SUMMARY OF THE INVENTION
[0008] According to a first aspect of the invention, a processing
method is provided for use in a wireless communication system. The
processing method comprises performing at least part of physical
layer processing in one or more digital signal processors of a
selected type, and performing at least part of medium access
control processing in the same one or more digital signal
processors.
[0009] According to a second aspect of the invention, a processing
method is provided for use in a base station of a wireless
communication system. The processing method comprises performing at
least part of symbol rate processing in one or more digital signal
processors of a selected type, and performing at least part of
transmission scheduling in the same one or more digital signal
processors.
[0010] According to a third aspect of the invention, a method is
provided for high speed downlink packet access (HSDPA) processing
in a base station of a wireless communication system. The
processing method comprises performing at least part of HSDPA
physical layer processing in one or more digital signal processors
of a selected type, and performing at least part of HSDPA media
access control (MAC-hs) sublayer processing in the same one or more
digital signal processors. The HSDPA physical layer processing may
include storing retransmission data in a virtual buffer prior to
encoding of the data units.
[0011] According to a fourth aspect of the invention, a processing
method is provided for use in a base station of a wireless
communication system. The processing method comprises maintaining
one or more queues of data units to be transmitted from the base
station to user equipment, wherein maintaining one or more queues
is performed by one or more digital signal processors of a selected
type, scheduling transmission of the data units from the base
station to the user equipment, wherein scheduling transmission is
performed by the same one or more digital signal processors, and
processing the scheduled data units for transmission from the base
station to the user equipment, wherein processing is performed by
the same one or more digital signal processors.

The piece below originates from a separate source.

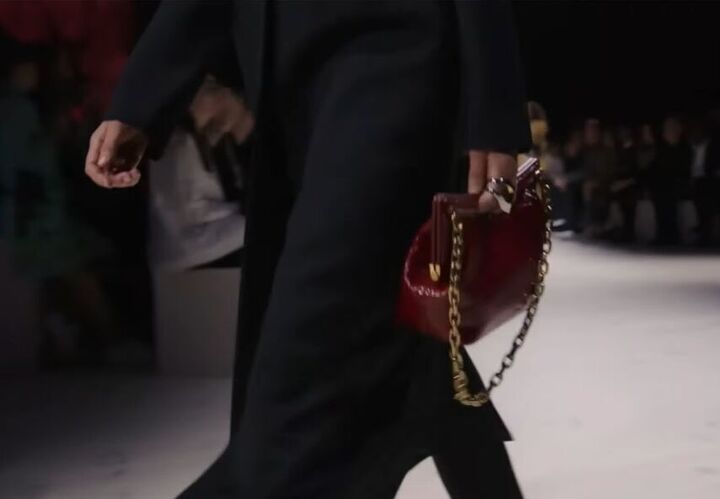 2024 accessory trends, Red handbag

BRIEF DESCRIPTION OF THE DRAWINGS
[0012] For a better understanding of the present invention,
reference is made to the accompanying drawings, which are
incorporated herein by reference and in which:
[0013] FIG. 1 is a simplified block diagram of a wireless
communication system in accordance with an embodiment of the
invention;
[0014] FIG. 2 is a simplified block diagram of a wireless base
station in accordance with an embodiment of the invention;
[0015] FIG. 3 is a high level flow diagram of shared downlink data
processing of the transport channels performed by the media access
control layer and the physical channels in the physical layer of a
wireless base station in accordance with an embodiment of the
invention;
[0016] FIG. 4 is a flow chart of an example of an implementation of
a process for loading data units into queues in the base station in
accordance with an embodiment of the invention;
[0017] FIG. 5 is a flow chart of an example of an implementation of
a downlink process for scheduling and transmitting data units in
accordance with an embodiment of the invention;
[0018] FIG. 6 is a flow chart of an example of an implementation of
an uplink process for handling feedback information from user
equipment in accordance with an embodiment of the invention;
and
[0019] FIG. 7 is a simplified block diagram of a prior art wireless
base station.
DETAILED DESCRIPTION
[0020] According to aspects of the invention, a wireless
communication system is capable of handling packet data with
decreased latency in comparison with prior art systems. A base
station is implemented such that one or more digital signal
processors of a selected type perform at least part of the medium
access control layer processing and at least part of the physical
layer processing. Thus, one or more digital signal processors
execute a combination of medium access control layer and physical
layer processing. The digital signal processor is configured to
schedule, allocate and distribute tasks to the physical layer and
the medium access control layer. Thus, the digital signal processor
can switch between physical layer and medium access control layer
processing.
[0021] A wireless communication system in accordance with an
embodiment of the invention is shown schematically in FIGS. 1 and
2. The wireless communication system includes a base station 110
and a mobile station 112 (also referred to herein as user
equipment). Data is transferred between base station 110 and mobile
station 112 using a radio interface 116. Base station 110 is
managed by a radio network controller (RNC) 118 using an IUB
interface 117. The protocol structure of base station 110 can be
divided into a physical (PHY) layer 114 and a medium access control
(MAC) layer 115 based on the two lower horizontal layers of an open
system interconnection (OSI) standard model well known in a
communication system.
[0022] The physical layer 114 of the base station 110 handles
transmission of data using a wireless physical channel between
mobile station 112 and the radio network controller 118 which
passes the generated data from and to the UMTS terrestrial radio
access network (UTRAN). Typical functions of the physical layer 114
include data multiplexing, channel coding, spreading and
modulation. Medium access control layer 115 stores data in queues
according to priority, schedules data units for transmission and
handles retransmission of data.
[0023] As shown in FIG. 2, a digital signal processor (DSP) 130
performs MAC layer processing 132 and symbol rate encoding and
decoding 134. Chip rate processing is divided between digital
signal processor 130 and an ASIC and/or FPGA 138. In the embodiment
of FIG. 2, at least part of the MAC layer processing and at least
part of the physical layer processing are performed by a single
digital signal processor 130. A suitable digital signal processor
is the TigerSharc Digital Signal Processor sold by Analog Devices,
Inc. In other embodiments, the MAC layer processing and the
physical layer processing are performed by two or more digital
signal processors, preferably of the same type. For example, two or
more digital signal processors can be utilized in a multiprocessor
configuration for increased computational capability and optimal
use of the external interfaces for multiprocessor communication. In
other embodiments, the ASIC and/or FPGA is not utilized for chip
rate processing, and all chip rate processing is performed by
digital signal processor 130. In other embodiments, at least part
of the MAC layer processing and at least part of the physical layer
processing are performed by DSP 130 and part of the MAC layer
processing is performed on a host processor.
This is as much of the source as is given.